About this task
Look below for the line with "Artistic Digital Wall Art Home _64"; begin the copy there and stop after the line with "Black Scissors on Linen Cloth", keeping the text exact and the pictures out.

+--

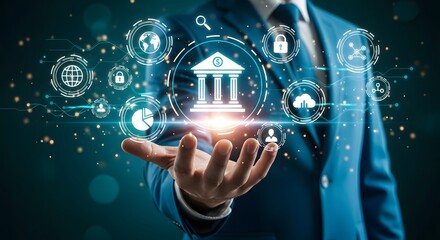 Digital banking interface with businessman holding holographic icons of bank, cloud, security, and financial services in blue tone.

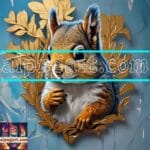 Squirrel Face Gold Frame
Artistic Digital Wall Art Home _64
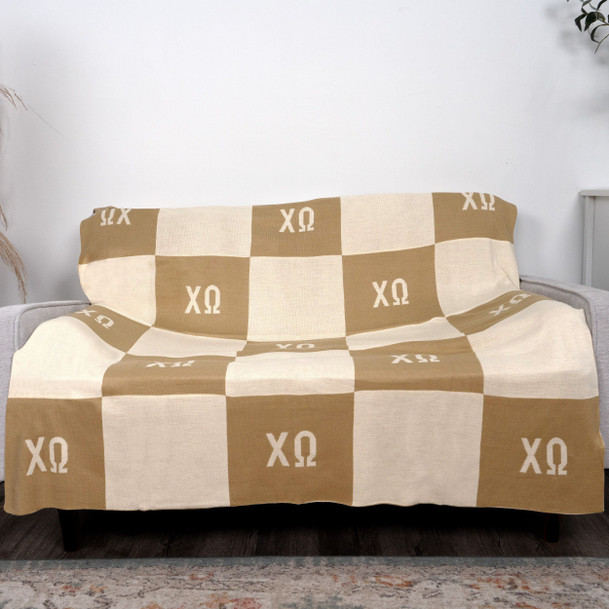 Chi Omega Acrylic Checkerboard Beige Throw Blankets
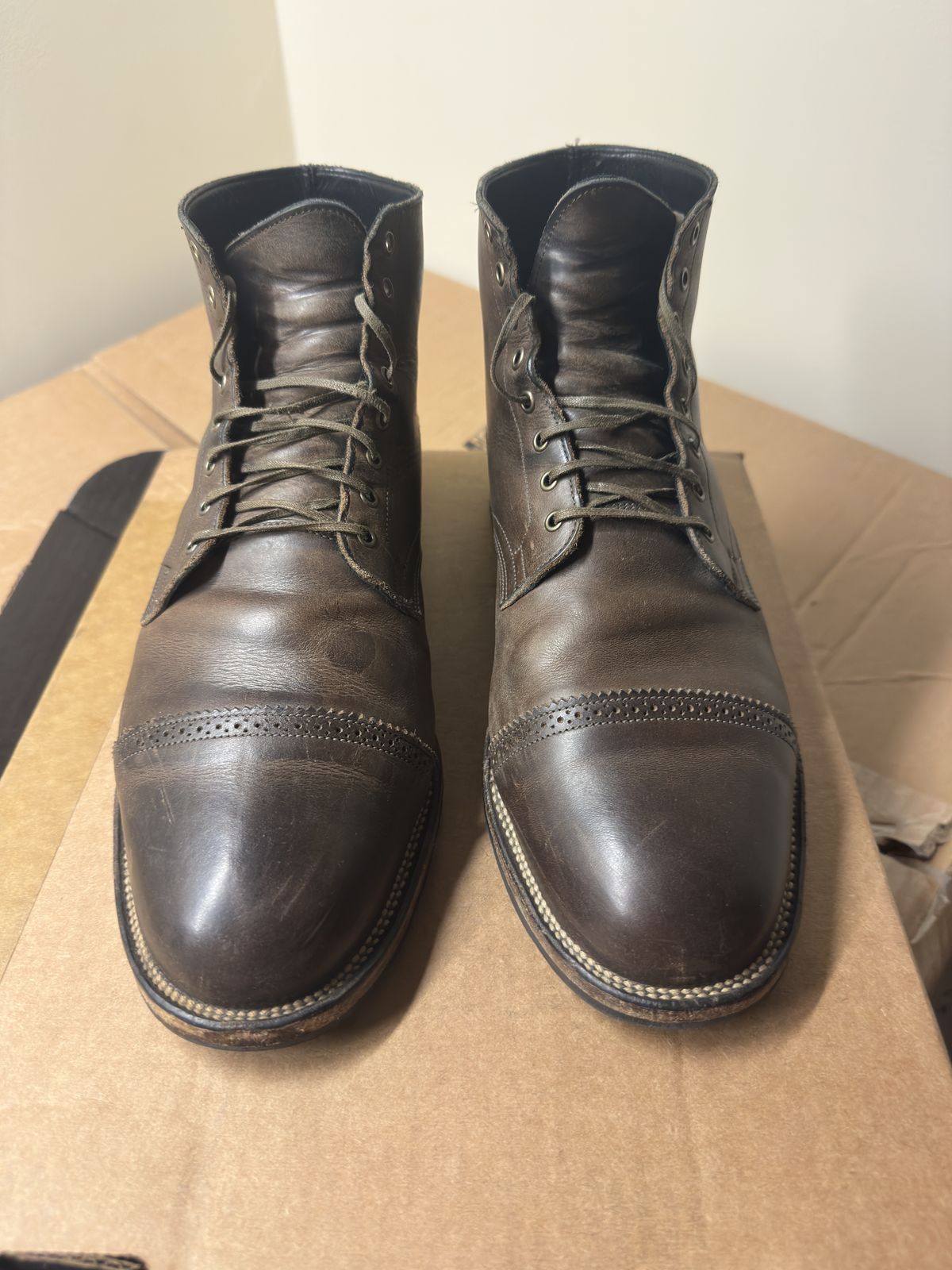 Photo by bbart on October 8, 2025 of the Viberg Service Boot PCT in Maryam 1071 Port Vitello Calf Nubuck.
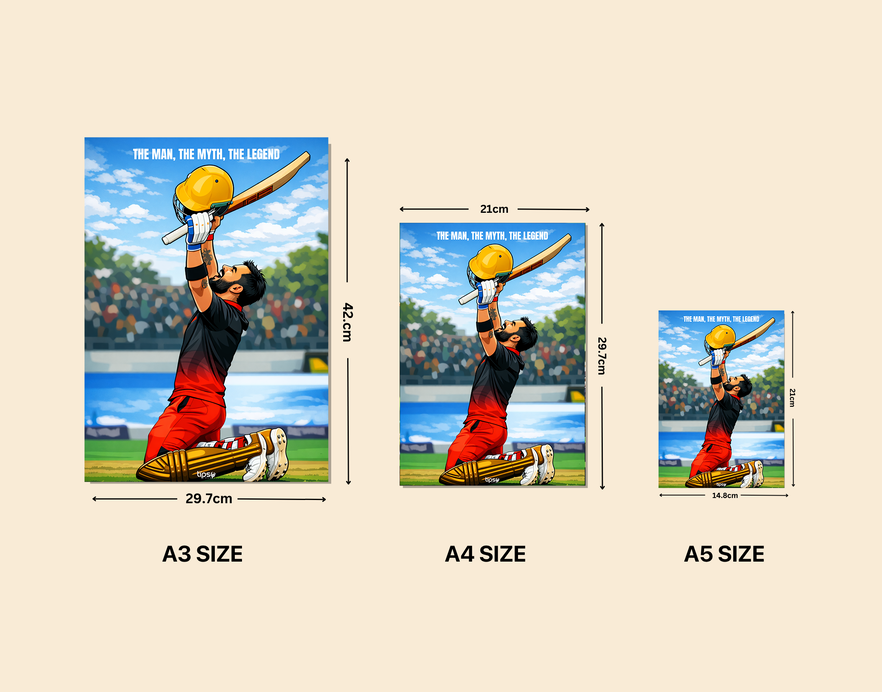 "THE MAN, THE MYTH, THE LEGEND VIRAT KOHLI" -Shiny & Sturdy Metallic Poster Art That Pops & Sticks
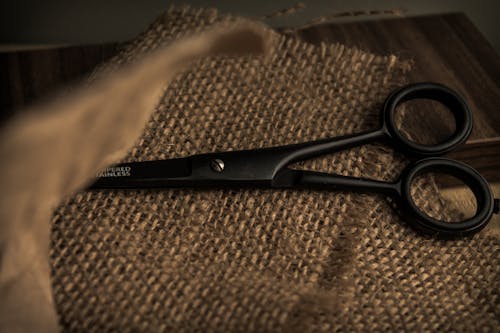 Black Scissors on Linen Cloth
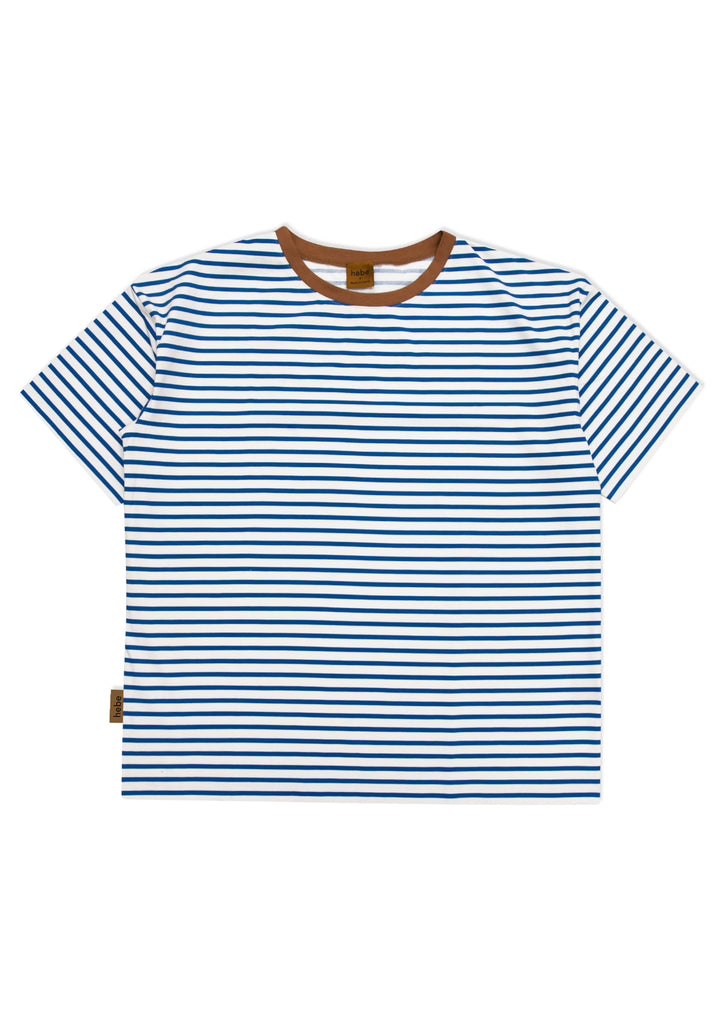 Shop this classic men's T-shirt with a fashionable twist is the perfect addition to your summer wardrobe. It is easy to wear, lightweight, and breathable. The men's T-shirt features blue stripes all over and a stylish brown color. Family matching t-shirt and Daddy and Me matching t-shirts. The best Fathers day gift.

+--

Response
Artistic Digital Wall Art Home _64
 Chi Omega Acrylic Checkerboard Beige Throw Blankets
 Photo by bbart on October 8, 2025 of the Viberg Service Boot PCT in Maryam 1071 Port Vitello Calf Nubuck.
 "THE MAN, THE MYTH, THE LEGEND VIRAT KOHLI" -Shiny & Sturdy Metallic Poster Art That Pops & Sticks
 Black Scissors on Linen Cloth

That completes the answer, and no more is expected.